* _WHAT THE TASK REQUIRES_
Extract exactly those lines that lie between the start of the material and the line with "Touwnhouse à louer", including both boundary lines and no others.
(Beginning of STUDY MATERIAL)
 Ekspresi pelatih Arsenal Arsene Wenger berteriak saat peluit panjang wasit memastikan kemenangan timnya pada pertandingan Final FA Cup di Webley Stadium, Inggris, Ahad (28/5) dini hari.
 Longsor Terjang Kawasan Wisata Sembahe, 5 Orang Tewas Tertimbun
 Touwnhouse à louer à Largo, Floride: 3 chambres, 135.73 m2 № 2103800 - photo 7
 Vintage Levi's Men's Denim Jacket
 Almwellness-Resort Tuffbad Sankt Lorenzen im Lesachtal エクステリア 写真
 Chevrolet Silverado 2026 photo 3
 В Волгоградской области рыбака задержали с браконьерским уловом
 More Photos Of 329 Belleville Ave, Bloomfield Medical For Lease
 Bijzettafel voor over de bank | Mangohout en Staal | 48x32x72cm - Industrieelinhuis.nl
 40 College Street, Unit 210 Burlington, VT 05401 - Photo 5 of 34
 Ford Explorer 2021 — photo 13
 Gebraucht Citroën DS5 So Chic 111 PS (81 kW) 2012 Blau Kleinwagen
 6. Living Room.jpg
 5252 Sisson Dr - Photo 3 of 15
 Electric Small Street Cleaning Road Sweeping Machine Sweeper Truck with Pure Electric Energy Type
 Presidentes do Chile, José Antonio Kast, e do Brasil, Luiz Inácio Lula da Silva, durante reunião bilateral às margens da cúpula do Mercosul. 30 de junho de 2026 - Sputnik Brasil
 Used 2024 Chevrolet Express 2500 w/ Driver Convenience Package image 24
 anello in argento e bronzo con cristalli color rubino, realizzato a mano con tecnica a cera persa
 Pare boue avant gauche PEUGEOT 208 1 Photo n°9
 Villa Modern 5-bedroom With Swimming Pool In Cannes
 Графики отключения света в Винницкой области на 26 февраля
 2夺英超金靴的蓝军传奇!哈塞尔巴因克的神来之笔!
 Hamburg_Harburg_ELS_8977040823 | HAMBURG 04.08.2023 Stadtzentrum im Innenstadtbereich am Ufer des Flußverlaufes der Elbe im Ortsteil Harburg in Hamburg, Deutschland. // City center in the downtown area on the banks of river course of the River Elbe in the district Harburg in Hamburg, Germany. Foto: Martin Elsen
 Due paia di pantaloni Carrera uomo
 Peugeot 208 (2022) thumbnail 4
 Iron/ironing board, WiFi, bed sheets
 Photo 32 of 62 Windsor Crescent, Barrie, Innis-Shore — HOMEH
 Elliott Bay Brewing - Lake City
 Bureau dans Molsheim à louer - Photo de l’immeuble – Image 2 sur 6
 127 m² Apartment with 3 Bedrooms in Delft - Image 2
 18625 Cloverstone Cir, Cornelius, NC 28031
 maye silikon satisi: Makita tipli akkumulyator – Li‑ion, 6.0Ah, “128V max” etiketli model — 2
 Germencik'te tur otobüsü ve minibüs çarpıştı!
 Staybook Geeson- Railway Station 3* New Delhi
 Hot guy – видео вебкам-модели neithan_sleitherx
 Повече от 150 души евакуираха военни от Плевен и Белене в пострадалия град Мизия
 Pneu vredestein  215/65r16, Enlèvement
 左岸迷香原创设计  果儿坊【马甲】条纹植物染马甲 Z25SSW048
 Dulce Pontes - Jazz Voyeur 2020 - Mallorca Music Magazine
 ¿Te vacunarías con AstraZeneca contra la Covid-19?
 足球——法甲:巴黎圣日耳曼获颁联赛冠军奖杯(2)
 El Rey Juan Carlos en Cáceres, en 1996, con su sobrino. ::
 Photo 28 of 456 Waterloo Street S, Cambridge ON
(End of STUDY MATERIAL)
* _OUTPUT BELOW_
 Ekspresi pelatih Arsenal Arsene Wenger berteriak saat peluit panjang wasit memastikan kemenangan timnya pada pertandingan Final FA Cup di Webley Stadium, Inggris, Ahad (28/5) dini hari.
 Longsor Terjang Kawasan Wisata Sembahe, 5 Orang Tewas Tertimbun
 Touwnhouse à louer à Largo, Floride: 3 chambres, 135.73 m2 № 2103800 - photo 7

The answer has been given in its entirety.